- WHAT IS EXPECTED -
In the records that follow, find each line with the word "Thumbnail" and copy it.

- SUPPLIED DATA -
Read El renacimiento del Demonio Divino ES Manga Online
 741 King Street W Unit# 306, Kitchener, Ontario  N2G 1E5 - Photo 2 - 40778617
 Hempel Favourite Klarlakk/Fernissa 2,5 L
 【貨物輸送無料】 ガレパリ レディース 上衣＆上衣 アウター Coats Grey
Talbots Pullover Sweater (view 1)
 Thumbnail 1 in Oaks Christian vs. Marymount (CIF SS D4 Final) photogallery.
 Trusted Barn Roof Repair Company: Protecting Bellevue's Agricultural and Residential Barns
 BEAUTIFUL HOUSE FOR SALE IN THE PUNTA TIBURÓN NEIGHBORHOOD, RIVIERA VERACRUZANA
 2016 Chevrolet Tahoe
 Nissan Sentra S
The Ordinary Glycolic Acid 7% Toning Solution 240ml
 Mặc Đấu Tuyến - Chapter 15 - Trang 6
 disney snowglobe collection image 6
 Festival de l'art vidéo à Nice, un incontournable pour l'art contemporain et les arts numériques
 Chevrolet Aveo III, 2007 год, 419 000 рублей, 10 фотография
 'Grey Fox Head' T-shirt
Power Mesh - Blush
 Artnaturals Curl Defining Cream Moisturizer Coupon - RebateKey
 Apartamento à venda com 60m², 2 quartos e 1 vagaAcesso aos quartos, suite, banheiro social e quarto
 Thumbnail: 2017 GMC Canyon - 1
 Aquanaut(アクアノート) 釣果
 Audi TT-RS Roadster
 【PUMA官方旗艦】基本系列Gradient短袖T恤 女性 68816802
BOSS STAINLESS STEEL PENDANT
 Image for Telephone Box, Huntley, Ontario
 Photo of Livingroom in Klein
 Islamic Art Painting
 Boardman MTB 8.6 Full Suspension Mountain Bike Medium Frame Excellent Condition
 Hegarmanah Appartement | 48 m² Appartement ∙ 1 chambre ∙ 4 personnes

- SOLUTION FOR THIS PROBLEM -
 Thumbnail 1 in Oaks Christian vs. Marymount (CIF SS D4 Final) photogallery.
 Thumbnail: 2017 GMC Canyon - 1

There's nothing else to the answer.